The explosion tore a 6.5-meter hole in the sub’s reinforced hull. The first compartment started taking in water at two to three tons per second. The Kursk caught fire. About two minutes after the first explosion, the charges in the live torpedoes detonated. By that moment, about 270 tons of water had already entered the first compartment. The submarine sank bow-first, and hit the seabed.

Most likely, the second compartment (housing the command center) was disabled, and control of the submarine was lost. The second explosion claimed the lives of all crew members located in the compartments from the bow to the reactor hold. The survivors gathered in the ninth compartment. They could have remained alive there for a maximum of three days.

Russian seismic stations registered the two explosions around 11:30 a.m. on August 12. The crime of the Russian government lies in the fact that the rescue operation was started only 12 hours later.

Why did a torpedo explode? The Soviet Navy started using torpedoes of this caliber in the early 1980s. They were designed by the Hydro-Equipment Research Institute of the Soviet Navy and produced by the Kirov Plant in Alma-Ata, whose specialists stayed in Kazakhstan after the USSR collapsed. Before each combat exercise, the Northern Fleet armory fills the torpedoes with kerosene, peroxide, etc. If due procedure was not observed in even one stage of torpedo preparation, this would have been enough to cause an explosion.

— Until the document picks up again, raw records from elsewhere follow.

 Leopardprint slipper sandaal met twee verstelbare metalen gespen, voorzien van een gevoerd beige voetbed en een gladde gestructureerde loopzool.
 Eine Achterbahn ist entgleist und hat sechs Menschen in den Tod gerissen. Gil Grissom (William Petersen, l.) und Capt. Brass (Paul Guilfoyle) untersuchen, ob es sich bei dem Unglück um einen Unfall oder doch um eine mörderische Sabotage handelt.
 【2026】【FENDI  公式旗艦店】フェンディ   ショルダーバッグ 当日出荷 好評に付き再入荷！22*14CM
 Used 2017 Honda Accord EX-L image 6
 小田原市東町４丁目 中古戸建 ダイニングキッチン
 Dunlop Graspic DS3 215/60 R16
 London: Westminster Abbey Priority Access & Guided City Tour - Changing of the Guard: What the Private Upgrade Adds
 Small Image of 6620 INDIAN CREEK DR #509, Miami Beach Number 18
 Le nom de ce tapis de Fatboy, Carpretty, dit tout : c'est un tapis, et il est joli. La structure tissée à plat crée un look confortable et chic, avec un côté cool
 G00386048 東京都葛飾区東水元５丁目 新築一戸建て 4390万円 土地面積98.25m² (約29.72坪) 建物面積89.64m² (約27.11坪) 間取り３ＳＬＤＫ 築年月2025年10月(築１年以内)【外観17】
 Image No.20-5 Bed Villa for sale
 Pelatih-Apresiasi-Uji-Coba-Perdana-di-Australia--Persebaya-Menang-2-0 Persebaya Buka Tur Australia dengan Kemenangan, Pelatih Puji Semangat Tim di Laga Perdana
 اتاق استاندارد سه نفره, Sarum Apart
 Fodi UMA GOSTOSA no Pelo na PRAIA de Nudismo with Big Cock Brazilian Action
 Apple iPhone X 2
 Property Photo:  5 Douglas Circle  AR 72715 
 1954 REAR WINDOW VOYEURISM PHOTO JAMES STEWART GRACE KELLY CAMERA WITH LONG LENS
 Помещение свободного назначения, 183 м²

In the Kursk’s torpedo crew, a midshipman and two conscript sailors were in charge of mines and torpedoes. The media has published a letter one of the sailors wrote before the disaster. He writes that if he should receive a high grade in torpedo firing, he will be promoted. This testifies to the fact that the sailor had served for less than a year before the exercise in the Barents Sea. The possibility cannot be ruled out that the second conscript sailor was also in his first year in the Navy. Did these sailors have enough experience to assume responsibility for two dozen live torpedoes stored in the bow compartment of the Kursk?

Two hours before the disaster, the Kursk crew contacted their base. The submarine rose to periscope depth, perhaps in an attempt to overcome certain problems. Our source thinks it’s possible that even before the Kursk sailed out its captain, Commander Gennady Lyachin, knew that the “practice torpedo” was defective – but was forced to order a firing exercise. It is also possible that representatives of the Dagestan Diesel plant, which produces torpedoes of a smaller caliber, were nevertheless invited along on the exercise for the purpose of observing the launch of the “practice torpedo”.

Who is concealing the truth?

Admiral Vladimir Kuroedov, Commander-in-Chief of the Russian Navy, who claims that the Kursk was rammed by a foreign submarine.

Professor Spassky, who at first publicly asserted that he knew why the Kursk sank – but next day denied his previous assertion, saying that “we will probably never learn the true cause of the disaster”.

Deputy Prime Minister Ilya Klebanov, who told the public about three theories for the disaster, tending to overlook the fact that a man-made disaster had turned into a political one.

Our source concludes: “For all these people, telling the truth about the Kursk is equivalent to admitting that the Navy’s arsenals are in a state of chaos, as well as the Navy itself – and the entire country, for that matter.”